Abstrak_Raisya Wilona Ginting
Terbatas Perpustakaan Prodi Arsitektur
» Gedung UPT Perpustakaan
Terbatas Perpustakaan Prodi Arsitektur
» Gedung UPT Perpustakaan
Kawasan Bandung Timur, khususnya Gedebage, mengalami tekanan lingkungan yang semakin meningkat akibat pesatnya perkembangan kawasan terbangun. Kondisi tersebut ditandai oleh rendahnya proporsi ruang terbuka hijau dibandingkan standar ideal, meningkatnya suhu kawasan (urban heat island), penurunan muka tanah (land subsidence), risiko banjir, serta degradasi habitat flora lokal yang mengancam keberlanjutan ekosistem perkotaan. Permasalahan tersebut menunjukkan perlunya pendekatan arsitektur yang tidak hanya menyediakan fasilitas penelitian, tetapi juga berkontribusi terhadap pemulihan ekologi kawasan. Isu ini selaras dengan tujuan Sustainable Development Goals (SDGs), khususnya SDG 11 (Sustainable Cities and Communities), SDG 13 (Climate Action), dan SDG 15 (Life on Land).
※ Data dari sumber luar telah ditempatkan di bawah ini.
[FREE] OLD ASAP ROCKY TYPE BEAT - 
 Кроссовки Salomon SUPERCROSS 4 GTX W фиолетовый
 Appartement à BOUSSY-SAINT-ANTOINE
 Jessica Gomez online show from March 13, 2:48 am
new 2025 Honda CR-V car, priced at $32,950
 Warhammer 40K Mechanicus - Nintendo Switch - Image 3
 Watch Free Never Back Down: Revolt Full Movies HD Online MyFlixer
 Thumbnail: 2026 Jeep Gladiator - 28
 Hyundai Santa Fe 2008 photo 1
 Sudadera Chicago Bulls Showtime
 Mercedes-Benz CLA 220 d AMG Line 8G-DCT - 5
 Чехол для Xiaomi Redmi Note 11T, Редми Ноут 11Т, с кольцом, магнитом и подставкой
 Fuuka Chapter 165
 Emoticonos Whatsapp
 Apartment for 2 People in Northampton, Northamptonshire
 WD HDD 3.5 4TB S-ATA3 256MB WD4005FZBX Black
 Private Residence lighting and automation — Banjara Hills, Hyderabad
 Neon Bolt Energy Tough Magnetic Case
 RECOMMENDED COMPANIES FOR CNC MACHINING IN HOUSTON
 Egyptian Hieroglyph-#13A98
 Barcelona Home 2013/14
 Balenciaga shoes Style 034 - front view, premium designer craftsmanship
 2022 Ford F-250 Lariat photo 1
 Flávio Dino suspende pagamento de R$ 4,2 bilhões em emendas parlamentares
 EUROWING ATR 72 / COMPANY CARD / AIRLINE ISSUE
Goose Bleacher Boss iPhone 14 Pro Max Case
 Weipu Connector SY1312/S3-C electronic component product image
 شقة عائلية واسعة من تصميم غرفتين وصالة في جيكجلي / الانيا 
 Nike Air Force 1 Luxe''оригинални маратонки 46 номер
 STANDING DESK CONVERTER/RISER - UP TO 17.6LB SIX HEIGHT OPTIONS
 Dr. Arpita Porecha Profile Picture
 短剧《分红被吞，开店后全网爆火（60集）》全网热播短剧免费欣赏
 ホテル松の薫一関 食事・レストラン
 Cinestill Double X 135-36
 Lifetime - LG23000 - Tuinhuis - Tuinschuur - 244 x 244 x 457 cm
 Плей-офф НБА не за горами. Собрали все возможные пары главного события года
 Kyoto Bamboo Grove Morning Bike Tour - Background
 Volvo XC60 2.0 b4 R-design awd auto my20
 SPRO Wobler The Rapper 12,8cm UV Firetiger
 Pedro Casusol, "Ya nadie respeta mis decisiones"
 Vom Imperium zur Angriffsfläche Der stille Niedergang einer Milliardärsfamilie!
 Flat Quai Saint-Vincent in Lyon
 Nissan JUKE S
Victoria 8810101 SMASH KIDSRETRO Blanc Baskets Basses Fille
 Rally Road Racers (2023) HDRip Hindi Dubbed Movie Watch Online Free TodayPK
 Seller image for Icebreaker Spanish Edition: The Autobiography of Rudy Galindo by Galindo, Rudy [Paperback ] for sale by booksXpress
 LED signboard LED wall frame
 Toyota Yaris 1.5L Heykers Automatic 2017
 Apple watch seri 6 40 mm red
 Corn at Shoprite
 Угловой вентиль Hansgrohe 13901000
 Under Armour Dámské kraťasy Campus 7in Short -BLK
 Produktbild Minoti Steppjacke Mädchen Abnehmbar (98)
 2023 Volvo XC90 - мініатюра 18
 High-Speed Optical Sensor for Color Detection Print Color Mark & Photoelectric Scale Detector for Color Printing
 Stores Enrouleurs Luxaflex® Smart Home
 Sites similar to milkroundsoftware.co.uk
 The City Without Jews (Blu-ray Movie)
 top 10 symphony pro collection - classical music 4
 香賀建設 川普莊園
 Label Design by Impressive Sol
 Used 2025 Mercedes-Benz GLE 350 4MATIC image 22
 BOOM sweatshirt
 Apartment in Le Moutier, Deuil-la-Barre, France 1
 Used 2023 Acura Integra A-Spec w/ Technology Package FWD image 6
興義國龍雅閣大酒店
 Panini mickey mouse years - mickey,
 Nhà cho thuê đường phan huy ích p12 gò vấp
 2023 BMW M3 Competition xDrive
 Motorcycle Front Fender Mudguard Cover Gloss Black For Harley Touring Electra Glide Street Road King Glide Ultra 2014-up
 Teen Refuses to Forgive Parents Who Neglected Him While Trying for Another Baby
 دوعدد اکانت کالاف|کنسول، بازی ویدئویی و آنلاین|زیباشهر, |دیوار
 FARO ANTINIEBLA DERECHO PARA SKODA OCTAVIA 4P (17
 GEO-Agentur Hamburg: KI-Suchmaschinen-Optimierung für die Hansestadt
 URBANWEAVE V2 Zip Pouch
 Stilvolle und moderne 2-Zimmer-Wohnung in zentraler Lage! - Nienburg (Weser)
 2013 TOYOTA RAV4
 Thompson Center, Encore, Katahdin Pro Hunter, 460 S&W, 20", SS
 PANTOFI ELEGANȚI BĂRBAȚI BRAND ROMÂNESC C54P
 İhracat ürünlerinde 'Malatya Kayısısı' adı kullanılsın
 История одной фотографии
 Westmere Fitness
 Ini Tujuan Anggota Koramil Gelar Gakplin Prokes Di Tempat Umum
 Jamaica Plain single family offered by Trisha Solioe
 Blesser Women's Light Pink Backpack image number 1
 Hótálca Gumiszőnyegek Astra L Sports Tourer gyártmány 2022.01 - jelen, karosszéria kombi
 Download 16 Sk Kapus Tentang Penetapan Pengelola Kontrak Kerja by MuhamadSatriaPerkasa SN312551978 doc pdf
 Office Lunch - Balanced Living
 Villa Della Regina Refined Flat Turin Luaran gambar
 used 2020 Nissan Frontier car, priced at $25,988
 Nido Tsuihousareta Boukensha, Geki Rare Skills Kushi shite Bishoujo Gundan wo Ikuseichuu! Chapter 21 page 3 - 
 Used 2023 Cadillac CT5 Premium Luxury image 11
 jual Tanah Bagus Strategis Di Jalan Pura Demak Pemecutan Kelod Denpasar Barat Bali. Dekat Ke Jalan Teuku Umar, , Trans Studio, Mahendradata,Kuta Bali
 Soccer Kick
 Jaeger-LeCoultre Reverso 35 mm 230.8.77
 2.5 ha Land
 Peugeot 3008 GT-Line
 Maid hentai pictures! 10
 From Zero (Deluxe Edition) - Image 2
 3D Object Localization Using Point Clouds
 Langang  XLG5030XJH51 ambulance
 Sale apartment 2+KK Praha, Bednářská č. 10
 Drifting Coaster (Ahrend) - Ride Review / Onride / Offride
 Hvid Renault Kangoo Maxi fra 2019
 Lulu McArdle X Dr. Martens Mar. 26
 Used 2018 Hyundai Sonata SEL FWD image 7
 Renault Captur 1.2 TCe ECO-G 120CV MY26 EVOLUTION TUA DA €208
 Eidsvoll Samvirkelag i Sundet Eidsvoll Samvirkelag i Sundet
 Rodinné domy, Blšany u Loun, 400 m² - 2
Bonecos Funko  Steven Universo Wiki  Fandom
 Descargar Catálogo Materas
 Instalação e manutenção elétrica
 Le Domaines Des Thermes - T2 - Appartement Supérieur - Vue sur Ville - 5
Tugas akhir ini mengusulkan tipologi In-Situ Ecology and Flora Conservation Research Center, yaitu pusat penelitian, konservasi, edukasi, dan rekreasi yang berfokus pada pelestarian flora lokal melalui pendekatan konservasi langsung di habitat alaminya. Tipologi ini dipilih sebagai media untuk mengintegrasikan fungsi ilmiah, edukatif, dan ekologis dalam mendukung pengembangan kota yang lebih adaptif terhadap perubahan lingkungan.
Pendekatan perancangan menggunakan Ecological Urbanism sebagai kerangka utama yang diintegrasikan dengan prinsip Biophilic Design, Passive Design, dan Water Sensitive Urban Design (WSUD). Integrasi ketiga pendekatan tersebut diterapkan melalui pembentukan koridor hijau, restorasi habitat, sistem pengelolaan air berkelanjutan, optimalisasi pencahayaan dan ventilasi alami, serta penggunaan elemen vegetasi sebagai bagian dari strategi peningkatan kualitas lingkungan dan kenyamanan pengguna.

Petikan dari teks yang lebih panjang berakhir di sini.